Wearing the two Christopher Ward C63 Sealander GMT models
So, how do the C63 Sealander GMT’s visual proportions affect the wearing experience? A 39mm case would normally be my go-to size out of the two. However, with my preference for the proportions of the 36mm model, I was curious to find out more. At first glance, the larger model seems to fit my 19cm wrist better. But that didn’t mean the 36mm one was too small. It might be a bit too small on the straps, but the bracelet adds to the overall presence, so it fits my wrist nicely.
Thomas, who has a 17.5cm wrist, also tried out both watches, and the smaller one did seem more at home on his wrist. That’s why I initially wore the 39mm version more. However, as soon as I started changing things up, I felt the 36mm version also suited my wrist well. It might seem a tad small for someone looking at my wrist, but I quickly fell in love with the look of the smaller version.
A matter of personal preference
For Thomas, the choice was easy. He has the smaller wrist of the two of us, and the 36mm model looked right at home on his wrist, whereas the 39mm version looked too big in comparison. While a 39mm watch is far from too large on Thomas’s wrist, the visual proportions of this one make it seem bigger, especially with a crisp white dial. The light color seems to magnify the effect of the dial size.
That might also be why the 36mm version didn’t feel too small on my wrist. It has a presence that demands attention. In the end, the combination of the visual proportions and the great fit on my wrist made me wear the 36mm C63 Sealander GMT more than its larger brother. What both models have in common is that they are super comfortable watches with nicely sculpted cases and plenty of allure. The finish of both watches is predominately brushed, but the polished chamfers on the case and the bezel bring exactly the right amount of visual zing to these two timepieces.
Final thoughts on the Christopher Ward C63 Sealander GMT models
Overall, I was super impressed by the two C63 Sealander GMT models. Regardless of your size preference, both watches have a lot to offer. They make perfect, stylish daily wearers that stand out because of their incredible quality and great attention to detail. The design, the build quality, the finishing, and the great comfort are hard to beat at this price point. The 36mm version is available for €1,350, and the 39mm version is slightly more expensive at €1,365 on the Bader bracelet. But you can also buy a C63 Sealander GMT for €1,165 on one of the available strap options.

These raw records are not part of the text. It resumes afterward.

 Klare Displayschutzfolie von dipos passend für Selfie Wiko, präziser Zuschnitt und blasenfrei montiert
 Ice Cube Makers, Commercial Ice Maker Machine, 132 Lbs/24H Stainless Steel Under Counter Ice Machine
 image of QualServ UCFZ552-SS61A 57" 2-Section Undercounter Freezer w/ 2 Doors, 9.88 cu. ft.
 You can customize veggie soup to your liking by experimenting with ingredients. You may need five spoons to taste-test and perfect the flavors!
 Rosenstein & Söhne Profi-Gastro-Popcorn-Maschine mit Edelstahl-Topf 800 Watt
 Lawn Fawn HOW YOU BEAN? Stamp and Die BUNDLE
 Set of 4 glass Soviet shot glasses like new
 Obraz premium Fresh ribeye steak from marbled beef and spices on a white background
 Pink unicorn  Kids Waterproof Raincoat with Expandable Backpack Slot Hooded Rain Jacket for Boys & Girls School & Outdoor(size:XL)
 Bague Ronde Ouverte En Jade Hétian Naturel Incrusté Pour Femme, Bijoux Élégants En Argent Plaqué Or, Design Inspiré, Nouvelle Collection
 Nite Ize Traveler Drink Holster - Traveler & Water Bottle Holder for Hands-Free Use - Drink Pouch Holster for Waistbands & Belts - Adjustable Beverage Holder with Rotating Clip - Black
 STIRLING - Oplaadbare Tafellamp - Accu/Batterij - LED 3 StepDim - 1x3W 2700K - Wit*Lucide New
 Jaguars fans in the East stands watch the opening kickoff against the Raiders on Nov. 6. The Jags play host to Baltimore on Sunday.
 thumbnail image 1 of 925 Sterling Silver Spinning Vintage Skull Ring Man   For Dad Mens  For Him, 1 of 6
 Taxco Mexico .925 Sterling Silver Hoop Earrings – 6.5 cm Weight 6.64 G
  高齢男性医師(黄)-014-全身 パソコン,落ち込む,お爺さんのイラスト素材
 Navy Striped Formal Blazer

After spending two weeks with both watches, I completely understand what makes the C63 Sealander GMT popular in the Christopher Ward collection. While I have grown to love the smaller 36mm version, it doesn’t mean it’s the better watch. I do think the overall proportions are better on the smaller version of the two. But even that is subject to personal preference. It would be best to choose a watch you like; in that process, there is no objective right or wrong with these two watches. Besides how well made they are (which is not exactly news), I learned how much I’ve grown to love a 36mm white-dial GMT. Had you told me that would happen before this hands-on experience, I would have smiled without believing it. Now, though, it is on my list of future wants.